PER ORA i 5 dimissionari non si smuovono. Ma ballano altri nomi, De Pietro in primis. In bilico anche Ivana Simeoni, eletta a Latina (il figlio, Cristian Iannuzzi, è deputato M5S). Su Facebook si era detta contraria alle espulsioni: “Non condivido né metodo né motivazioni”. In sofferenza anche l’emiliana Michela Montevecchi e Bartolomeo Pepe.
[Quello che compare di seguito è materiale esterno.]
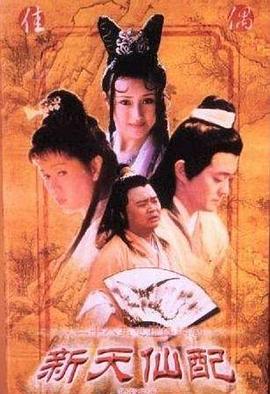 新天仙配第13集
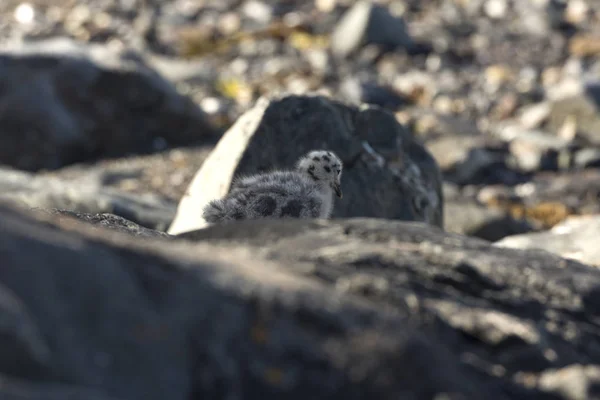 Seagulls Chicks Sea Eggum Norway — Stock Photo, Image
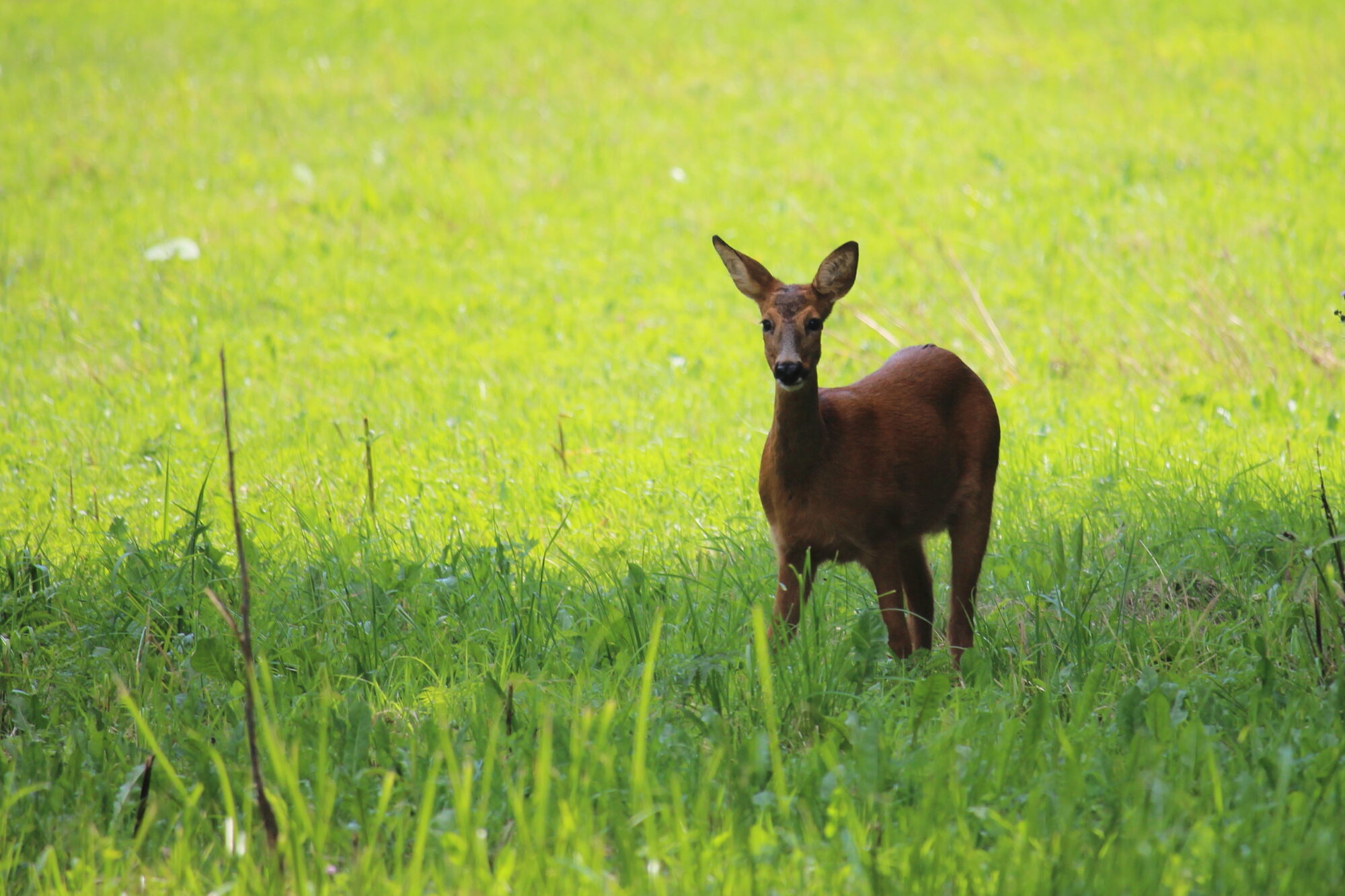 Valokuvaaja: Kirsi-Marja Joenpolvi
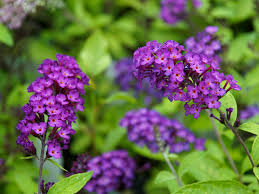 Image result for Gnidia burchellii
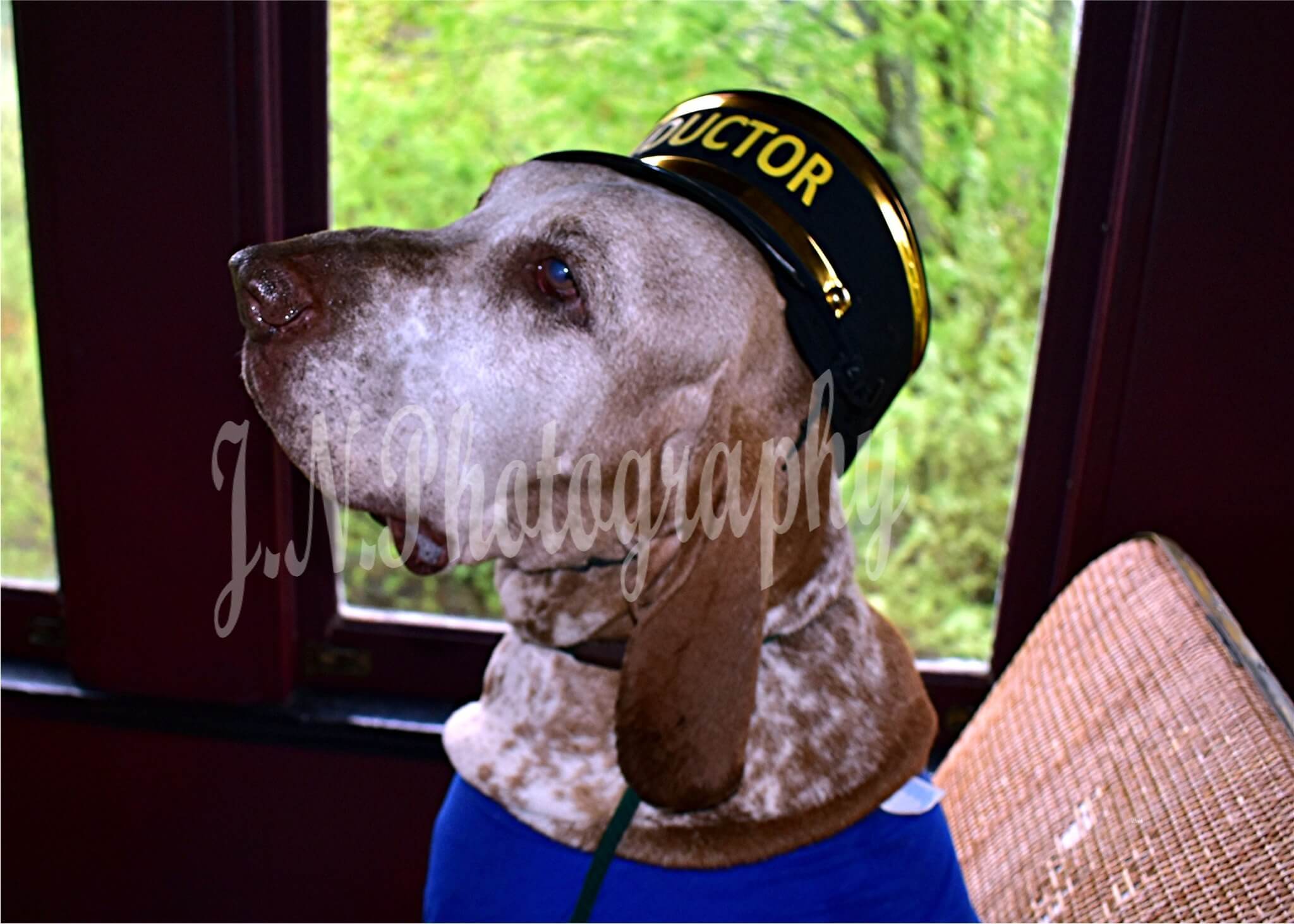 dogs at the 2024 bow  wow express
Intanto continuano le voci sul nuovo gruppo di centrosinistra che nascerebbe a Palazzo Madama con civatiani, fuoriusciti di M5S e Sel. Ieri Civati ha negato “cene segrete con dissidenti” ma ha rilanciato: “Oltre ai 4 espulsi potrebbero uscire altri 10 dai Cinque Stelle. Potrebbero fare un gruppo da soli, senza bisogno dei miei amici”. Da Parma invece arriva la presa di distanza del sindaco grillino Federico Pizzarotti: “Non ho capito le espulsioni, perdere tempo in spaccature e dissidi interni ci indebolisce”.
Da Il Fatto Quotidiano del 28/02/2014.